Surat Terbuka: Keberatan atas Deportasi Pencari Suaka Myanmar

Jakarta, 23 Juni 2023 

Kepada Yth. 

Menteri Hukum dan Hak Asasi Manusia Republik Indonesia 
Prof. Yasonna Hamonangan Laoly, S.H., M.Sc., Ph.D  
Jl. H.R. Rasuna Said Kav No. 4-5, Kuningan,  
Jakarta Selatan, Indonesia (12950) 

Dengan hormat, 

Melalui surat ini, Amnesty International Indonesia menyampaikan keprihatinan atas adanya laporan bahwa pihak berwenang Republik Indonesia telah mendeportasi seorang warga negara Myanmar yang mencari suaka di Indonesia pada tanggal 21 Juni 2023. Kasus deportasi ini bertolak belakang dengan komitmen Indonesia sebagai Ketua ASEAN (The Association of South East Asia Nations) untuk memperjuangkan kemanusiaan dan mengakhiri kekerasan yang berdampak terhadap keamanan warga sipil di Myanmar,  terlebih lagi di tengah rencana Indonesia untuk kembali mencalonkan diri sebagai anggota Dewan HAM PBB 2024-2026 

Amnesty International menerima laporan yang kredibel bahwa pada hari Rabu, tanggal 21 Juni 2023 dini hari, seorang laki-laki berkewarganegaraan Myanmar dengan inisial LHT (35) tiba di Bandara Soekarno-Hatta menggunakan dokumen perjalanan resmi pada pukul 02:00 WIB. LHT kemudian menyatakan kepada petugas imigrasi bahwa ia berniat mencari suaka di Indonesia karena ketakutan mendasar atas persekusi berdasarkan pandangan politik yang berbeda di negaranya. Namun, otoritas imigrasi dikabarkan menolak masuk LHT tanpa alasan yang jelas. Amnesty International juga menerima laporan bahwa pihak yang berwenang tidak memberikan akses kepada organisasi internasional yang memiliki mandat untuk mengurus pengungsi dan pencari suaka untuk bertemu dengan individu tersebut dan melakukan verifikasi secara langsung. Pihak imigrasi kemudian mendeportasi LHT pada hari yang sama dengan penerbangan pada pukul 21:11 WIB.
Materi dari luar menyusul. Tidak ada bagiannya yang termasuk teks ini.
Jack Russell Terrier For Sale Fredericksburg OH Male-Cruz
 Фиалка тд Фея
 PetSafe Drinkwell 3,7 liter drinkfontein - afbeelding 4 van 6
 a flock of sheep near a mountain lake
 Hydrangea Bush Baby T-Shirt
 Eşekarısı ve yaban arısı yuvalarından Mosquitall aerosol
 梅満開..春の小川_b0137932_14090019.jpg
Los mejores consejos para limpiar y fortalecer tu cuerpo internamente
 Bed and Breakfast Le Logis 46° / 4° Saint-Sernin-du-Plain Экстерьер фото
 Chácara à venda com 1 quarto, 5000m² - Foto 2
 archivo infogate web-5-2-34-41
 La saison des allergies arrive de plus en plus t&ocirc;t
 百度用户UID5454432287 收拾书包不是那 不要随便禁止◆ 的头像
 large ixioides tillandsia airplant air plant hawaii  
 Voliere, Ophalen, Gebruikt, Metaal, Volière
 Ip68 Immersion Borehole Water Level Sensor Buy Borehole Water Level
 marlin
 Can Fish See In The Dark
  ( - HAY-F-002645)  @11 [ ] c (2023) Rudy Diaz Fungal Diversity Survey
Sebagai pencari suaka dari Myanmar, di mana kejahatan perang serta dugaan kejahatan kemanusiaan berlangsung di tengah impunitas sejak kudeta militer pada Februari 2021, nyawa dan keselamatan LHT akan berada dalam ancaman ketika dia kembali ke Myanmar. Data yang dihimpun oleh the Assistance Association for Political Prisoners (AAPP) Burma menyebut bahwa pihak militer Myanmar telah mengeksekusi setidaknya empat orang, menangkap setidaknya 23.399 orang, termasuk aktivis pro-demokrasi dan warga sipil, di mana 19.056 diantaranya masih dalam penahanan.  

Amnesty Internasional juga menemukan bahwa militer Myanmar telah melakukan penyiksaan dan perlakuan tidak manusiawi lainnya terhadap orang-orang yang ditahan karena menentang kudeta militer.  

Dalam pandangan Amnesty International, keputusan untuk mendeportasi pencari suaka dari Myanmar tersebut bertentangan dengan prinsip-prinsip universal hak asasi manusia dan hukum internasional yang seharusnya ditaati dan dihormati oleh pihak berwenang di Indonesia. 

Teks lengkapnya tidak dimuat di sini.